Now that (finally) issues like wealth inequality and financialization are becoming mainstream and the triangulation of the DLC has been largely discredited, it’s a no brainer to support the lone candidate that has been advocating for these issues for over 30 years and not the candidate closely associated with the DLC. I don’t want to vote for a candidate that supported NSA spying, that personally signed off on hundreds of extra-judicial assassinations while serving as Secretary of State, that supported the TPP, supported welfare reform, supported DOMA, supported the Patriot Act, supported CISA, was a cheerleader of liberalizing capital flows, supported the Iraq war, supported tax cuts on capital income, supported draconian crime bills, and is willing to compromise on entitlements.
The other side of the debate is that Hillary is smarter, she is a much better political knife fighter. She can form unlikely coalitions, out-think, out-fox, and triangulate her way to achieving key goals, albeit at the expense of compromising on other issues.
But in this case, it becomes more critical to know what her red lines are. But the verdict so far is pretty bleak. It’s one thing to sacrifice the steel industry for the tech industry, or to side with older voters at the expense of younger voters. But in Clinton’s compromising, the group being thrown overboard has too often been the poor and low wage workers. And that, combined with the increasing intransigence of the Republican Party, guarantees that the Overton window will keep shifting to the right, and the middle class will keep being whittled away, one compromise after the next.

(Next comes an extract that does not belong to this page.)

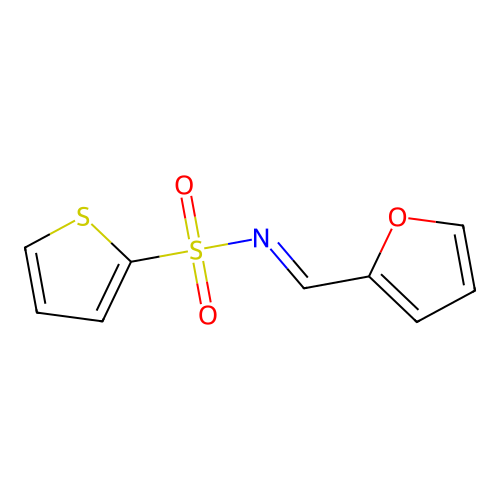N-[(E)-furan-2-ylmethylidene]thiophene-2-sulfonamide structure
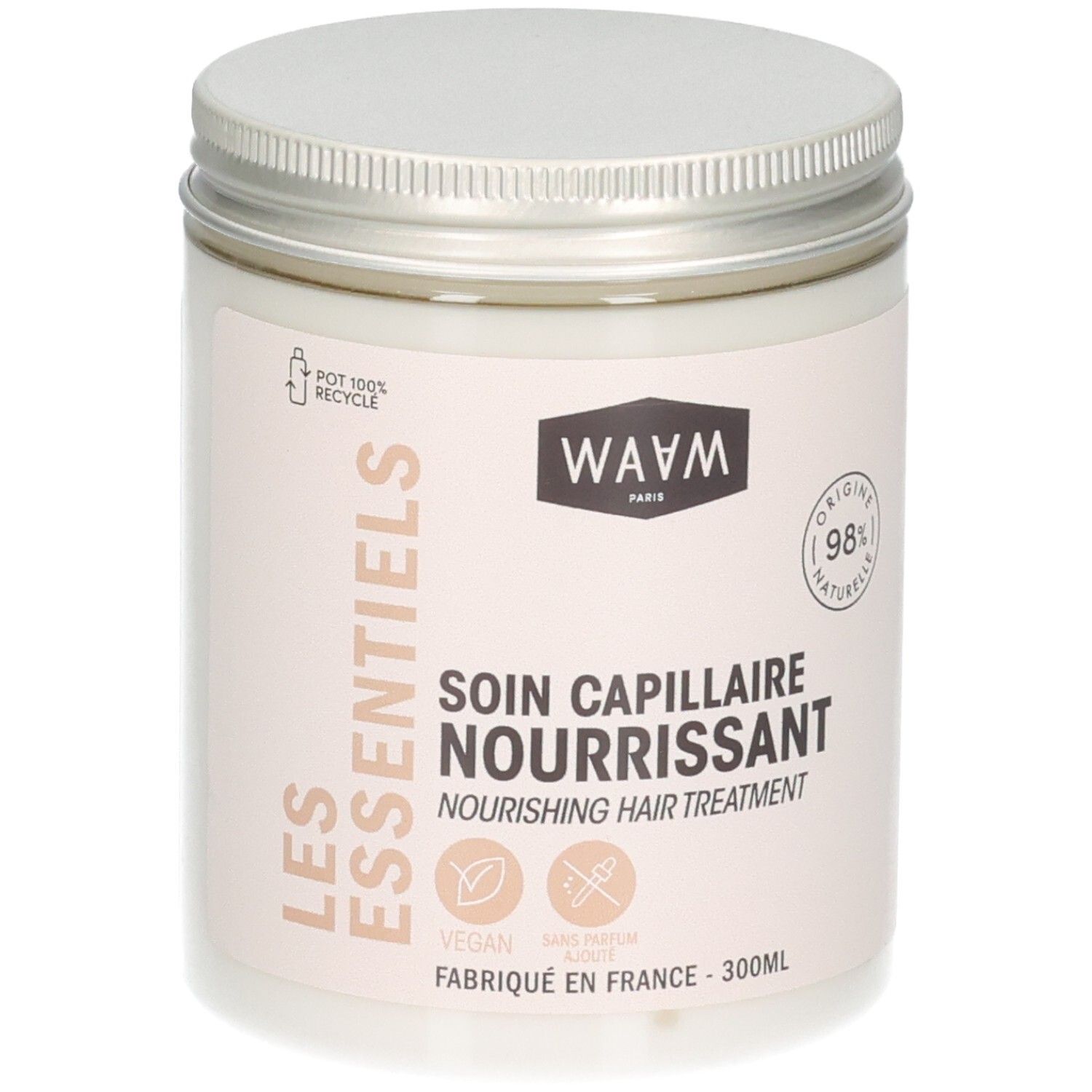 Waam Soin Capillaire Nourrissant dans un pot blanc avec couvercle argenté. Contient 98% d'ingrédients naturels.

Few Hillary supporters are able to identify any foundational principles that are at the core of her being — principles that she would refuse to triangulate away. Yet Clinton supporters are willing to trust her, believing that those principles are there — apparently hidden to the public, hidden from her voting record — or, what is more likely, merely assume that she shares their priorities because they think she is like them. This is the main foundational error that Clinton supporters are making. Identity politics covers over a multitude of bad votes.
My job as a voter is not to support the chosen career path of a particular politician, nor is it to identify with that politician, but to support a candidate that I believe will most likely serve my interests in the current political climate. The wealthiest Americans are waging a brutal class war that is hurting economic growth and investment. What is needed is a Democratic Party that is not going to let itself get pulled to the right, but will stage a showdown with the Koch brothers and the Club for Growth. We don’t need a brilliant legislative affairs staffer, we need an uncompromising, galvanizing leader. We need a big public debate about a new social compact in this nation, now that one side has defected on its obligations to the other. We don’t need a Clay, we need a Lincoln.